Michael Lindner wrote:

>On Wednesday 04 February 2004 09:01 pm, Jeff Anderson-Lee wrote:
>  
>
>>Out of curiosity, what's the formula used to derive 0.007" from the
>>dimensions and the Compressive Yield Strength?
>>    
>>
>
>FL/EA where F is force, L is length of column (in this case thickness of pad) 
>E is modulus of elasticity and A is surface area of pad, The formula is in 
>Kreige/Berry's book "The Dobsonian Telescope", although it isn't applied to 
>RTV pads in there. ;-)
>
http://www.matweb.com/search/SpecificMaterial.asp?bassnum=PDOWC03
Dow Corning 733 Glass & Metal Sealant  (335 psi)
http://www.matweb.com/search/SpecificMaterial.asp?bassnum=PDOWC12
Dow Corning 832 Multi-Surface Adhesive/Sealant  (350 psi)

If we use 350 psi  with a 1in diameter 0.125 inch thick pad and 0.67 lb, 
we get a compression of 3.1e-4 in or 7.8e-3 mm.  If we narrow the pad to 
3/4 inch and thicken it to 3/16, we end up with 8.2e-4 in or 2.1e-2 mm.  
Both are (just) above the expected back plate deformation of 6.8e-3mm or 
2.7e-4 inches which is good news.  What it means is that the sagging of 
the 1/8th inch plate will introduce a (barely) tolerable difference in 
forces.  Thus, we would probably do well to increase the plate thickness 
from 1/8 to 3/16 or 1/4 inch, but even the 1/8th in plate might suffice.

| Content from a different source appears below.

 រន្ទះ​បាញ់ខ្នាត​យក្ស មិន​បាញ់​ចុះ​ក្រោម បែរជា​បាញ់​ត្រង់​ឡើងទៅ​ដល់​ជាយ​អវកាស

>FWIW I find nothing wrong with RTVing a mirror to supports, and have made all 
>my scopes this way. However, 9 pads are not the same as 9 floating points. 
>The whole purpose of a flotation cell is so that the forces are evenly 
>distributed among the support points, even if the cell sags or warps. RTV 
>pads may compress, but they will still transmit force through to the mirror.
>  
>
True, however, even the best made cell does not entirely distribute the 
forces evenly.  There may be construction errors that offset the balance 
points slightly or stiction that prevents equalization.  Thus cell 
designs must (and generally do) tolerate some unevenness of forces.  
Plop with its ability to specify variable forces on points gives us a 
chance to evaluate the effect of those uneven forces on the mirror to 
see if it makes a significant difference.  The preceding analysis 
suggests that the sagging of the plate under its own weight plus the 
weight of the mirror, would introduce a P-V error (on the plate) that 
would still be within limits of inducing a relative force differential 
on the mirror which is within the constraints of the cell design.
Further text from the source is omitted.